When we stopped by class on January 26, the 19 students—all sophomores—were studying economics and politics on the ship. Peter Leeson’s The Invisible Hook—a twist on Adam Smith that reveals the self-serving democratic and economic forces behind historical maritime piracy—provided the basis for a lively conversation.

Student Perspectives

Mollie Thibodeau ’18, a communication studies major, has newfound appreciation for how piracy comes in many shapes and forms.

“I’ve quickly learned about the politics on a typical pirate ship,” she says, “the lifestyles of famous—or maybe infamous—pirates such as Blackbeard and Anne Bonny, and even how piracy relates to the new electronic day and age we have become so accustomed to.”
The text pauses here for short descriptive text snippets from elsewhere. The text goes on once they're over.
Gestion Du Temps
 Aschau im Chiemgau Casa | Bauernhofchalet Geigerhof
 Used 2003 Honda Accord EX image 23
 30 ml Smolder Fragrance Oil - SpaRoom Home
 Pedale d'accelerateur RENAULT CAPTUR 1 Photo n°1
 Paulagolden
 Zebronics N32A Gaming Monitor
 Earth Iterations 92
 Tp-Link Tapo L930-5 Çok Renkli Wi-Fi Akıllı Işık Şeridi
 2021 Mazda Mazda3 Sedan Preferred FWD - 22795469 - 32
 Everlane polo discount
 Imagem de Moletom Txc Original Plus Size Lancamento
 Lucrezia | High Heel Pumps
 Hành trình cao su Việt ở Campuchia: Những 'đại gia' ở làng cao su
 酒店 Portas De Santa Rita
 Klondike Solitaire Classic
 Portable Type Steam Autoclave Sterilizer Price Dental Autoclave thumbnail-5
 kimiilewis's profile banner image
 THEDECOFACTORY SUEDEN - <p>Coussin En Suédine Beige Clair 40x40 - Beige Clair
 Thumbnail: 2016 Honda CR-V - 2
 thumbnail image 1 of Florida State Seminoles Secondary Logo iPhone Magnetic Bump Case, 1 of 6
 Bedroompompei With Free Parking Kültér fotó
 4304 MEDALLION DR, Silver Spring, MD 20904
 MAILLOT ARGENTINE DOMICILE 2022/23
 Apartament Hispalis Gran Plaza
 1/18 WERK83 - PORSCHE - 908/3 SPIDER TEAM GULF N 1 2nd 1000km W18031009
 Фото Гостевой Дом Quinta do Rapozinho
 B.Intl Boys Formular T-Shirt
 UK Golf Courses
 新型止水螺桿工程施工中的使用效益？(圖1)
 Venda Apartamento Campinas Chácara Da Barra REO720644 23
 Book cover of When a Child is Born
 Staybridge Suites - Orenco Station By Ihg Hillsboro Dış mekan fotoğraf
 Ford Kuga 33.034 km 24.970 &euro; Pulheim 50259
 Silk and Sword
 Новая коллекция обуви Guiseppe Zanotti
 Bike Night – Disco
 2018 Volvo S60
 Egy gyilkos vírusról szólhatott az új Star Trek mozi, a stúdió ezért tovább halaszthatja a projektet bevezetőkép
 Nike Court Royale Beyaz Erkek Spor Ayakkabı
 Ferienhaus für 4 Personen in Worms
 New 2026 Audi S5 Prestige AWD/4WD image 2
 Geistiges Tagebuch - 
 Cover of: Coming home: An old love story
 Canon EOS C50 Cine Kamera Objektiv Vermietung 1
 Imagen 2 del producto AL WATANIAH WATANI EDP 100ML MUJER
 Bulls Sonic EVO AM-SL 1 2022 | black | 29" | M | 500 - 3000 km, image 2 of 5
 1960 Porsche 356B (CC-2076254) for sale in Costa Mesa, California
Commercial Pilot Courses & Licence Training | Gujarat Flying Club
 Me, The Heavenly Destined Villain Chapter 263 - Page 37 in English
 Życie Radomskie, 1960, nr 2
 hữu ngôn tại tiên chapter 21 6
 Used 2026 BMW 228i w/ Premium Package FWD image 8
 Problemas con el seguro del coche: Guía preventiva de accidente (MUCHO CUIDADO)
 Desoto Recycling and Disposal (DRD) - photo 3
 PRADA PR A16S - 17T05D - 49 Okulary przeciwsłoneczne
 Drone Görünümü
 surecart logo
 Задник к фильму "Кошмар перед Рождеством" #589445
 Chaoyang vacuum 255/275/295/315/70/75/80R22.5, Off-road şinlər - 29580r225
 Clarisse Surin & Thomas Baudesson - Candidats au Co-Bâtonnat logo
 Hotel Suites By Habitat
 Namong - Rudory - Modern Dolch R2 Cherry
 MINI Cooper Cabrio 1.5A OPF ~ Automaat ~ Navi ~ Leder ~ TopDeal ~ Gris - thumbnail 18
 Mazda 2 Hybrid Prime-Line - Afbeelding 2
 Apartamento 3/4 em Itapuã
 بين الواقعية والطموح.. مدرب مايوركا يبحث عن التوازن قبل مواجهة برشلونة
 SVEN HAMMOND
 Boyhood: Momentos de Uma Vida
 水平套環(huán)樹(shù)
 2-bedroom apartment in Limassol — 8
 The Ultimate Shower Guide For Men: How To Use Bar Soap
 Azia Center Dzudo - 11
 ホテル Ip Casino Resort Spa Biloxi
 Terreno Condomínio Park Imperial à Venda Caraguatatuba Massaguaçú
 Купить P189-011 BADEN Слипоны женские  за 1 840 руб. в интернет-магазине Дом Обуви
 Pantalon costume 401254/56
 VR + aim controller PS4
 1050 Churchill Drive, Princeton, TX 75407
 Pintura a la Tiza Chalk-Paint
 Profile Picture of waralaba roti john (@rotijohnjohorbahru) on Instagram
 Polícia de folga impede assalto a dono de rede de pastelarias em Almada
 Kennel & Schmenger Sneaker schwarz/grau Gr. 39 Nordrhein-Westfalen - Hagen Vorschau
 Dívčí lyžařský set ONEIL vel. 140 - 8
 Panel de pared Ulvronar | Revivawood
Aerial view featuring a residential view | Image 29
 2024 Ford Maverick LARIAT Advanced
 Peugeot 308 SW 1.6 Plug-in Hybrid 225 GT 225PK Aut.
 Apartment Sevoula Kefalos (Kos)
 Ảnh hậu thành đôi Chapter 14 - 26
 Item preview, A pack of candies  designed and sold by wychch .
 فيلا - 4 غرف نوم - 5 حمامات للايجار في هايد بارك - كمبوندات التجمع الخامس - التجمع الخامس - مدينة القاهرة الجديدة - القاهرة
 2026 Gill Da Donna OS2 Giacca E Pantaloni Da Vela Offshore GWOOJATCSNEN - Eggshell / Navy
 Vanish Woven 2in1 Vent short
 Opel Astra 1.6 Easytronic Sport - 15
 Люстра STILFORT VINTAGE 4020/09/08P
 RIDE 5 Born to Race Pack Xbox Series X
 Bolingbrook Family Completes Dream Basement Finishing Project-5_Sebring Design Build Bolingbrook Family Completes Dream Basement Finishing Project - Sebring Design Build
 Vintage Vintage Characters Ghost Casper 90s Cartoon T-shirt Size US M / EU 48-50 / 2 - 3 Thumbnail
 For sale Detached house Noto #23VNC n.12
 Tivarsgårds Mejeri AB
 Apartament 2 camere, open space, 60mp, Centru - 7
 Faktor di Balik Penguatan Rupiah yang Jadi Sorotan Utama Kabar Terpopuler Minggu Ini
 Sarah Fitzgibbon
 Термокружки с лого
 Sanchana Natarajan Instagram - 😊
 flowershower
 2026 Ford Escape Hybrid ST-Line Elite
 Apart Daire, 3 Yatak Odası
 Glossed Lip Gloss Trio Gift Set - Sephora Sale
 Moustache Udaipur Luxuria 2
Kaylee Atwell ’18, an art studio major, has enjoyed studying the daring exploits of Colonial-era swashbucklers, as well as modern-day maritime pirates—such as those threatening the coast of Somalia and other well-traveled shipping lanes.

“They have more in common with piracy in the entertainment industry than many people realize,” she says. “This class is always entertaining and never fails to challenge my preconceptions of economic and social issues.”

Did You Know?

For some maritime pirates of yore, it wasn’t all about gold doubloons. Yes, they were still motivated by loot, but these legendary bandits had an ethical side as well.

“For example,” Kozel explains, “when most pirates would board a ship, the first thing they’d do is ask the crew what kind of captain they had. If he treated his sailors well, a lot of times he and his ship would be spared. When serving under a bad captain, however, many of the sailors would choose to become pirates themselves. That was just one of the ways of promoting justice on the high seas.”

(Photo by Scott Cook)(Photo by Scott Cook)

(Photo by Scott Cook)(Photo by Scott Cook)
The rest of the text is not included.